In the simplest case, where all data points are mutually independent and have a single $x$-component and a single $y$-component each, a DataSet consisting of four points can be constructed via

DataSet([1,2,3,4], [4,5,6.5,7.8], [0.5,0.45,0.6,0.8])

or alternatively by

using LinearAlgebra
DataSet([1,2,3,4], [4,5,6.5,7.8], Diagonal([0.5,0.45,0.6,0.8].^2))

where the diagonal covariance matrix in the second line is equivalent to the vector of standard deviations supplied in the first line.

More generally, if a dataset consists of $N$ points where each $x$-value has $n$ many components and each $y$-value has $m$ many components, this can be specified to the DataSet constructor via a tuple $(N,n,m)$ in addition to the vectors x, y and the covariance matrix. For example:

X = [0.9, 1.0, 1.1, 1.9, 2.0, 2.1, 2.9, 3.0, 3.1, 3.9, 4.0, 4.1]
Y = [1.0, 5.0, 4.0, 8.0, 9.0, 13.0, 16.0, 20.0]
Cov = Diagonal([2.0, 4.0, 2.0, 4.0, 2.0, 4.0, 2.0, 4.0])
dims = (4, 3, 2)
DS = DataSet(X, Y, Cov, dims)

In this case, X is a vector consisting of the concatenated x-values (with 3 components each) for 4 different data points. The values of Y are the corresponding concatenated y-values (with 2 components each) of said 4 data points. Clearly, the covariance matrix must therefore be a positive-definite $(m \cdot N) \times (m \cdot N)$ matrix.

To complete the specification of an inference problem, a model function which is assumed to be able to capture the relationship which is inherent in the data must be added.
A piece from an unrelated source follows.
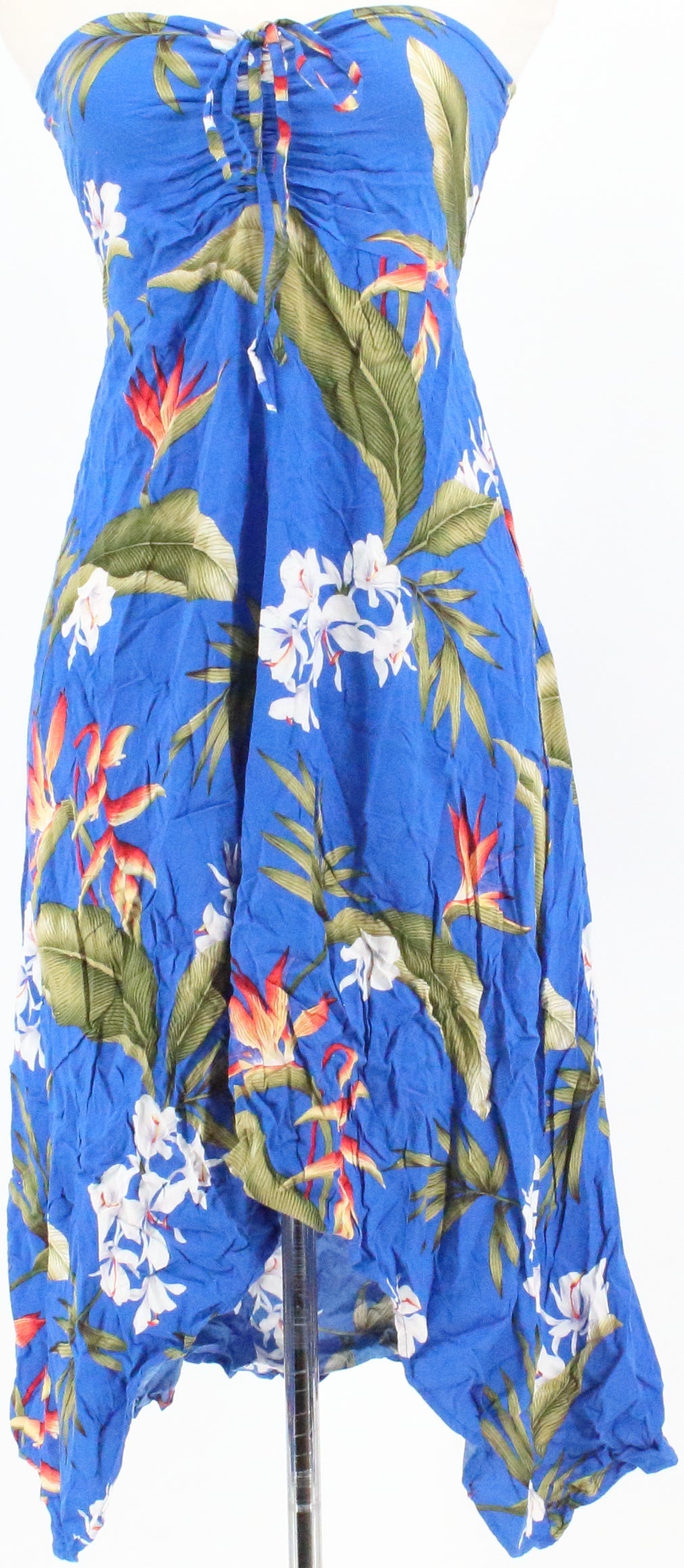 Aloha Hut Hawaii Blue Print Strapless Dress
InformationGeometry.DataModelType

In addition to storing a DataSet, a DataModel also contains a function model(x,θ) and its derivative dmodel(x,θ) where x denotes the x-value of the data and θ is a vector of parameters on which the model depends. Crucially, dmodel contains the derivatives of the model with respect to the parameters θ, not the x-values. For example

DS = DataSet([1,2,3,4], [4,5,6.5,7.8], [0.5,0.45,0.6,0.8])
model(x::Number, θ::AbstractVector{<:Number}) = θ[1] * x + θ[2]
DM = DataModel(DS, model)

In cases where the output of the model has more than one component (i.e. ydim > 1), it is advisable to define the model function in such a way that it outputs static vectors using StaticArrays.jl for increased performance. For ydim = 1, InformationGeometry.jl expects the model to output a number instead of a vector with one component. In contrast, the parameter configuration θ must always be supplied as a vector.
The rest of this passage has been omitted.